Transport in the metallic regime of Mn doped III-V Semiconductors

TL;DR

This paper models charge transport in Mn-doped GaAs using CPA and Kubo formalism, revealing temperature-dependent magnetoresistance and analyzing Hall effects to understand the underlying physics.

Contribution

It introduces a CPA-based model for transport in Mn-doped III-V semiconductors, incorporating spin splitting and temperature effects, aligning with experimental trends.

Findings

Strong magnetoresistance decreases with temperature

Transport coefficients match experimental trends

Model captures key physics of Mn-doped GaAs

Abstract

The standard model of Mn doping in GaAs is subjected to a coherent potential approximation (CPA) treatment.

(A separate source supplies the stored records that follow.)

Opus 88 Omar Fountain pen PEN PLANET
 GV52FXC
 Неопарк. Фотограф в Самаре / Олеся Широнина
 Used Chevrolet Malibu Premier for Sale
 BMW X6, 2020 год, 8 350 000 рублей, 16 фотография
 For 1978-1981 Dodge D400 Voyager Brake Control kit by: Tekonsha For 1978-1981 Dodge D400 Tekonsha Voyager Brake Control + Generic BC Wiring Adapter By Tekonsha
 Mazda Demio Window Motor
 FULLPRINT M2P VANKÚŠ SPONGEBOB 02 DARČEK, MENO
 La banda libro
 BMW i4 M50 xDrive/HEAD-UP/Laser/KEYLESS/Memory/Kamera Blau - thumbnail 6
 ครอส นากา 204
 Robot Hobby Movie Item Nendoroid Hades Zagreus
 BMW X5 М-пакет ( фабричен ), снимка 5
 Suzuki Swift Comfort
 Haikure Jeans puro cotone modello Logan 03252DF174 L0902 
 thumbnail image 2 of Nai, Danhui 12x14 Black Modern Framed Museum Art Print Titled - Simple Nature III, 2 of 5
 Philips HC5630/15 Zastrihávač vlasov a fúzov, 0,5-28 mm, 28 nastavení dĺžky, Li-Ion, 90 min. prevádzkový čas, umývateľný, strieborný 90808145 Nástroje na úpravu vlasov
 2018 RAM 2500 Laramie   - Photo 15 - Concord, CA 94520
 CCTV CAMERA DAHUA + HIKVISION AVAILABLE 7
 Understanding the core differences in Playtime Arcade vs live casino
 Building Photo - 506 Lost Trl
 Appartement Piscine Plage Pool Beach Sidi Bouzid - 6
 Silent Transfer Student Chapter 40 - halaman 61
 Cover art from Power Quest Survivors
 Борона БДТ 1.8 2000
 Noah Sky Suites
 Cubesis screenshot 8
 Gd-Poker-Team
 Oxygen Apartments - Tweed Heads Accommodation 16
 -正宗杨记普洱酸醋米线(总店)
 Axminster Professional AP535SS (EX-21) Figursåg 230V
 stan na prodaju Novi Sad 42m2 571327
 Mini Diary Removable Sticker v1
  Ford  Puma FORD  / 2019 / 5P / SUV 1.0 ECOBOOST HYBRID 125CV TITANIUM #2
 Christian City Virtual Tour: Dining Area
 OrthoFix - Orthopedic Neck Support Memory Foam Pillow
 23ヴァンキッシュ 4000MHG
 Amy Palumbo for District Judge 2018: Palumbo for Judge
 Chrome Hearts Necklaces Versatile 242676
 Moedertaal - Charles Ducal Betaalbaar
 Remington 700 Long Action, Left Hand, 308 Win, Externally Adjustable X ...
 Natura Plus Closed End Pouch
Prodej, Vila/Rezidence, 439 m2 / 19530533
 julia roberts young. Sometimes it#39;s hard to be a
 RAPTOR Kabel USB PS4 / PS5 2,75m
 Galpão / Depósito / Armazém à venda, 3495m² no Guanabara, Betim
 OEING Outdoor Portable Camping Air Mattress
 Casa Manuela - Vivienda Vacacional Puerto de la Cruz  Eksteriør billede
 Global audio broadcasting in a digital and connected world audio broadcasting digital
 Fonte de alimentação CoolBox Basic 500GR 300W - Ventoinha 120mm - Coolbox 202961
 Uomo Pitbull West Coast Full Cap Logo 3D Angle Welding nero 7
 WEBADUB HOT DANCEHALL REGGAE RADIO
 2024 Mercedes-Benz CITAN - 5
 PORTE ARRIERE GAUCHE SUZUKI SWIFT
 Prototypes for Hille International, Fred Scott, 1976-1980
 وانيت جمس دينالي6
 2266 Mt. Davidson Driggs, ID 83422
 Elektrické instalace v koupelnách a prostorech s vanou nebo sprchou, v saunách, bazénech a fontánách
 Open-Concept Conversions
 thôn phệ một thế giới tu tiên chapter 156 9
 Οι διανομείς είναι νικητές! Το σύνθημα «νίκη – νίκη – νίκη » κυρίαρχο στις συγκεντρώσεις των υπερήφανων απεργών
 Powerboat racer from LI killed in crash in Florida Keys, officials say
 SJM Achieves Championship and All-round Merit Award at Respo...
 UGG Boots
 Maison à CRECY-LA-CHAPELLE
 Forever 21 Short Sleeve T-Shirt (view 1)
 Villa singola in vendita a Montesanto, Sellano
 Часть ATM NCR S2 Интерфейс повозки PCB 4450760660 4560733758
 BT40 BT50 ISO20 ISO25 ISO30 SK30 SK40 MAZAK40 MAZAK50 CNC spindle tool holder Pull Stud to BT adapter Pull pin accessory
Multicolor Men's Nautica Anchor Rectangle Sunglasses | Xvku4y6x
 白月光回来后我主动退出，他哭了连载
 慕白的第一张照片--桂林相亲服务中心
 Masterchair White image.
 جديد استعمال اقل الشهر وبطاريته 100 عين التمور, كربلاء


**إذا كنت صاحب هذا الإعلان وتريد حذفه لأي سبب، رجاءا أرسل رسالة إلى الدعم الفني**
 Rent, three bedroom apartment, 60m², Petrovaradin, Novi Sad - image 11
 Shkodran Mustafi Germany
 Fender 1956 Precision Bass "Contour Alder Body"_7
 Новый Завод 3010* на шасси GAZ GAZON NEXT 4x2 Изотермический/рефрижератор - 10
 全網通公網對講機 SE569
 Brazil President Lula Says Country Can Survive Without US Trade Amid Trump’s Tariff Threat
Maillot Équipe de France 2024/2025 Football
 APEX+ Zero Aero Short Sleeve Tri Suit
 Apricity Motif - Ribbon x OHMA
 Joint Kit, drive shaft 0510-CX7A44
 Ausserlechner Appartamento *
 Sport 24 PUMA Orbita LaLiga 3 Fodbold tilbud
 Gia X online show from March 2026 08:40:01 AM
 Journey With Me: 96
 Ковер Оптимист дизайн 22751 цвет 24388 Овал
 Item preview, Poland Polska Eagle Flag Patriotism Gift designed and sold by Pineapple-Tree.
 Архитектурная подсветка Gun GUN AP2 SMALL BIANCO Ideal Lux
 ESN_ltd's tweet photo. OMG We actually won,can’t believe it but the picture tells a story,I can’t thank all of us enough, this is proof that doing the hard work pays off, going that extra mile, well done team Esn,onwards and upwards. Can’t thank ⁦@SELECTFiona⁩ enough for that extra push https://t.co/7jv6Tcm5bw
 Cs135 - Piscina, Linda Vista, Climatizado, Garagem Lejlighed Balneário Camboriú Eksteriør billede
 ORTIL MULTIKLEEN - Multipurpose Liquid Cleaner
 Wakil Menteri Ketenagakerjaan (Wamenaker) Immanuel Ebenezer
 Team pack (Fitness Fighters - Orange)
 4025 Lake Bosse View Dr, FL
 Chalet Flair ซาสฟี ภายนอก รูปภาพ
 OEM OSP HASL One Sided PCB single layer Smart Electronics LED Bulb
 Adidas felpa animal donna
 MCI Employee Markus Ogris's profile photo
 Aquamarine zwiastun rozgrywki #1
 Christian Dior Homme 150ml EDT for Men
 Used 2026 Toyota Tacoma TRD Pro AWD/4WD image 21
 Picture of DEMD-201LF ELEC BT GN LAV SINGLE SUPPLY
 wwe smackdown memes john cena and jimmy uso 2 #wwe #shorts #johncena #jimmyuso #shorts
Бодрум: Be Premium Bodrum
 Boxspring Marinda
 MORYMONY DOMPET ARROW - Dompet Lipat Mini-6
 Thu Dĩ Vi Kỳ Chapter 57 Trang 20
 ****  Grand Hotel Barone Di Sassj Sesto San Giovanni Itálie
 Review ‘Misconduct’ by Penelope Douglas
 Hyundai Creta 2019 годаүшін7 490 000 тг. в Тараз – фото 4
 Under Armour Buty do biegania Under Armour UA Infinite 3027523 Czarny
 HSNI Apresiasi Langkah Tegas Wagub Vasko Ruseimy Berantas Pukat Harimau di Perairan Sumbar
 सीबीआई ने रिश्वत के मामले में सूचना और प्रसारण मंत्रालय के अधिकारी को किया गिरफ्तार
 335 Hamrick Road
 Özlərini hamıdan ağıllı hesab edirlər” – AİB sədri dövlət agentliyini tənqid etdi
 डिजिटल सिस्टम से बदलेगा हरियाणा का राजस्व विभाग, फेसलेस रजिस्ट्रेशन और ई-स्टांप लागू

Transport coefficients are evaluated within the linear response Kubo formalism. Both normal (NHE) and anomalous contributions (AHE) to the Hall effect are examined. We use a simple model density of states to describe the undoped valence band. The CPA bandstructure evolves into a spin split band caused by the $p-d$ exchange scattering with Mn dopants. This gives rise to a strong magnetoresistance, which decreases sharply with temperature. The temperature ($T$) dependence of the resistance is due to spin disorder scattering (increasing with $T$), CPA bandstructure renormalization and charged impurity scattering (decreasing with $T$). The calculated transport coefficients are discussed in relation to experiment, with a view of assessing the overall trends and deciding whether the model describes the right physics. This does indeed appear to be case, bearing in mind that the hopping limit needs to be treated separately, as it cannot be described within the band CPA.